In some ways, I know what he's going to go through. In other ways, I know I don't have the first clue. All I know is that another family is hurting, and is going to be for a long time, and there's nothing to be done for it. Mostly, my heart breaks for them, and this empathy probably couldn't have come at a worse time; then again, it probably couldn't have come at a better one, either.
It's that time of year again. Basically, when I flipped the calendar to June, I started to feel the dread, and more and more, I curse clocks and calendars. If there were no calendars, no named and numbered days to tick off, I would no doubt recognize that another year was about to pass, but there wouldn't be this relentless feeling of movement toward a specific day, the build-up to which is an emotional burden as I'm constantly taking my temperature. How am I feeling? Am I sinking? Am I not, and if not, is it going to hit me further down the line? When? How? And what does it mean if it never does?
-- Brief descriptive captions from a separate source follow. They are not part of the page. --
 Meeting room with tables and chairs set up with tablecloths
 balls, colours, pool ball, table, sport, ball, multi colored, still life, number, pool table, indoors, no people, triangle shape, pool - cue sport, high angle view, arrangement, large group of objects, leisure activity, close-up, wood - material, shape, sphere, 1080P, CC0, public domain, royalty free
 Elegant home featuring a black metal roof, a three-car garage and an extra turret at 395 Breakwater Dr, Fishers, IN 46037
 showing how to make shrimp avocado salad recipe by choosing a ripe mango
Without this "anniversary" date, I would remember that he died in high summer, and there wouldn't be this funnel of time sucking me down to a specific point where despite having no conscious plan to do so, I seem to have expectations about my feelings. Without that date, without labeled time in sequence, I would merely recognize that the day formerly known as July 15th is probably going to be no different than the ones before and after it in terms of how I'm feeling about A, and his absence. I seem to have settled in to a manageable missing him; it's pretty much the same day to day. Sometimes it brings a tear to my eye; mostly it doesn't. I'm done wishing. I'm done begging. I'm done blaming, myself and him. I've given up all hope for a different past. I just miss him. Quietly; consistently; every day.
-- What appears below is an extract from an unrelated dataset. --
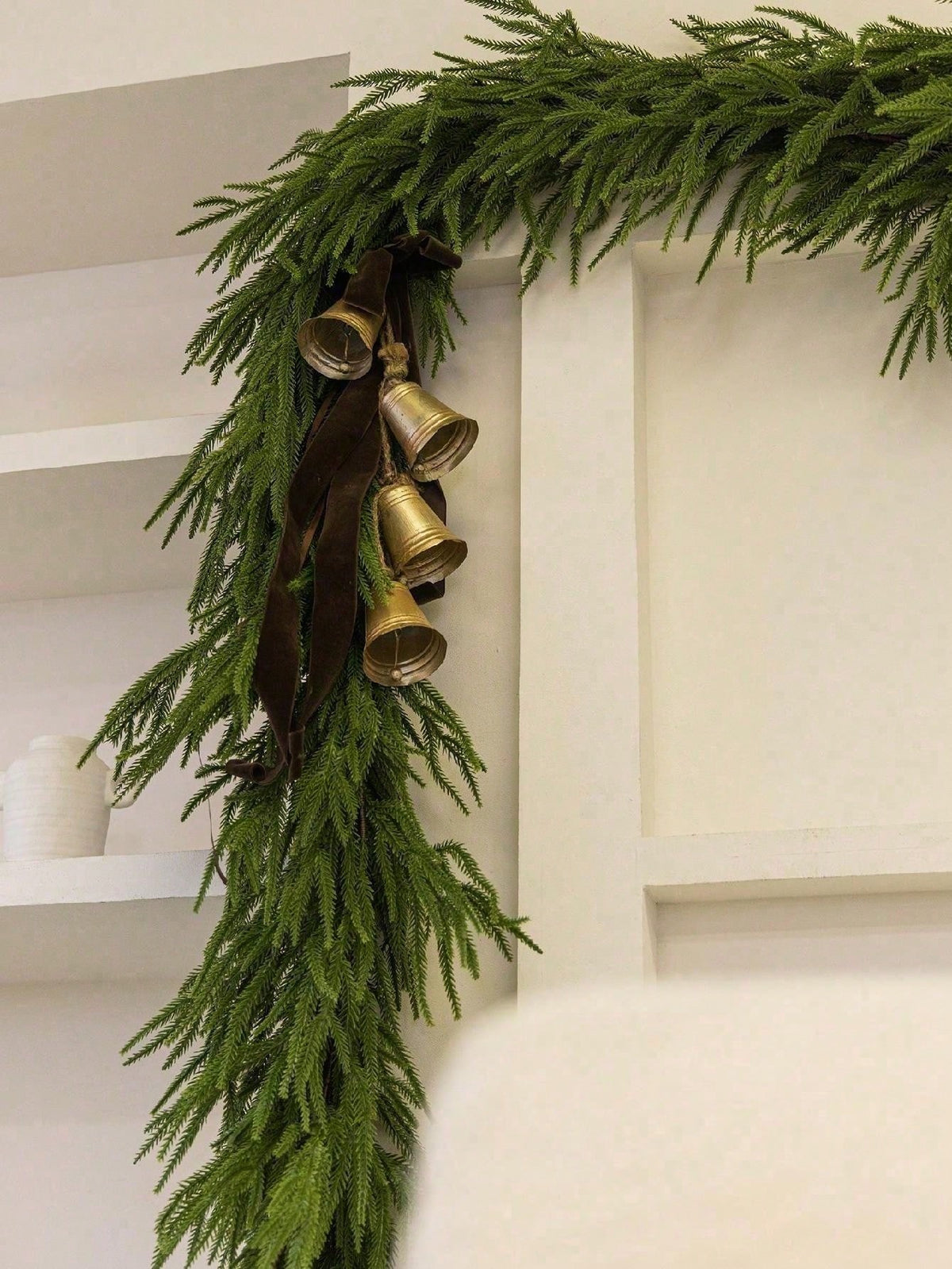 Artificial cedar Christmas swag on a shelf corner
As it is, the thing that bothers me most is that nearly 5 years have passed. 5 years has always seemed like such a long time to me; I've seen my life change again and again in the span of 6 months; 5 years is an age in one person's lifetime. For almost 5 years, I've been getting along without him, when for the 2 years prior, there was rarely a day when I didn't talk to him multiple times. It still sounds like a long time to me, and while I'm fine now, if I could measure time emotionally, it doesn't feel like nearly that long. I don't know how long it feels, other than "not that long ago." I've been around the sun 5 times since he died, hurtling 2,934,600,000 miles through space. Shouldn't it feel like longer?
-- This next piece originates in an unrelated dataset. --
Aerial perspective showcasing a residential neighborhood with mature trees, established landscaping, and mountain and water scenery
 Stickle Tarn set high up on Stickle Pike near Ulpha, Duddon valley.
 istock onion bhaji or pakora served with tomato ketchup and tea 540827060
It makes me wonder if I hold him too close, if I would be better off hiding the pictures and the keepsakes and putting away the candles. Because wherever he may be, I don't feel like he's holding me that close, not like right after he died. I can't hold on to him; I feel he's gone. So what am I holding on to? Where is the line between keeping space for a true love that I still feel, and keeping one foot in the past to my own detriment? Does that line actually exist, or am I thinking too much? I had something brilliant and wonderful with my A, and I don't anymore. But that doesn't keep me from still wanting it. And wanting an impossible thing is as sure a recipe for heartache as I know.
If there is a healing task that remains to me, it must be this: figuring out a way to stop wanting and missing what was. Figuring out how to cross over from wanting what I can't have to appreciating what I had with true acceptance of its impermanence. Figuring out how to have the love without the yearning. It is the difference between begrudgingly accepting that I can't have him here anymore because I have no choice, and being Zen about it, and cutting the ties that continually bind me to that past where I was, admittedly, happier, healthier, more loved and more loving. I guess what I'm saying is that I am not living my inner life in constant grief anymore, but I do think there's a pretty constant undercurrent of regret when my thoughts find him. You can only regret the things you accept as having happened.
I have to think it's possible. (And if it isn't, I'd sure like someone to let me know, so I can let myself off the hook.) But I don't have the vaguest idea of how to make that move. I've never done this before.